Could you output only the lines from the one containing "Lot #11 Wapiti" through the last line of the data, both included?
■ ■ ■ ■ ■ ■ ■
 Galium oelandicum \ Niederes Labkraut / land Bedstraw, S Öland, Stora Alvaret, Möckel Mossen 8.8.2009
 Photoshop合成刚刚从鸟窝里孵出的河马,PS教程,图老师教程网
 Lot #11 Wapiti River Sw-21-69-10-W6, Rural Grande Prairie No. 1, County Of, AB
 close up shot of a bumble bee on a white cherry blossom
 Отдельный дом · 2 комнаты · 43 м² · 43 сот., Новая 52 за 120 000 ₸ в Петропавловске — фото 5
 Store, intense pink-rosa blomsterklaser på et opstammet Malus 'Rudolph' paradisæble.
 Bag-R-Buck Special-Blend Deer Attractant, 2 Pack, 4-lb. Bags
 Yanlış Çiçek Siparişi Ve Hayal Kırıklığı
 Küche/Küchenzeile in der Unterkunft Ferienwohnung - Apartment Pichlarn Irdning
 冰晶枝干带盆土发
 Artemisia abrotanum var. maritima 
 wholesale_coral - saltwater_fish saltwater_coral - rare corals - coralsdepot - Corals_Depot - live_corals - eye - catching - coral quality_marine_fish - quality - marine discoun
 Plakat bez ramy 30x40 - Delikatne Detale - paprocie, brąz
■ ■ ■ ■ ■ ■ ■
§ **Output below**:
 Lot #11 Wapiti River Sw-21-69-10-W6, Rural Grande Prairie No. 1, County Of, AB
 close up shot of a bumble bee on a white cherry blossom
 Отдельный дом · 2 комнаты · 43 м² · 43 сот., Новая 52 за 120 000 ₸ в Петропавловске — фото 5
 Store, intense pink-rosa blomsterklaser på et opstammet Malus 'Rudolph' paradisæble.
 Bag-R-Buck Special-Blend Deer Attractant, 2 Pack, 4-lb. Bags
 Yanlış Çiçek Siparişi Ve Hayal Kırıklığı
 Küche/Küchenzeile in der Unterkunft Ferienwohnung - Apartment Pichlarn Irdning
 冰晶枝干带盆土发
 Artemisia abrotanum var. maritima 
 wholesale_coral - saltwater_fish saltwater_coral - rare corals - coralsdepot - Corals_Depot - live_corals - eye - catching - coral quality_marine_fish - quality - marine discoun
 Plakat bez ramy 30x40 - Delikatne Detale - paprocie, brąz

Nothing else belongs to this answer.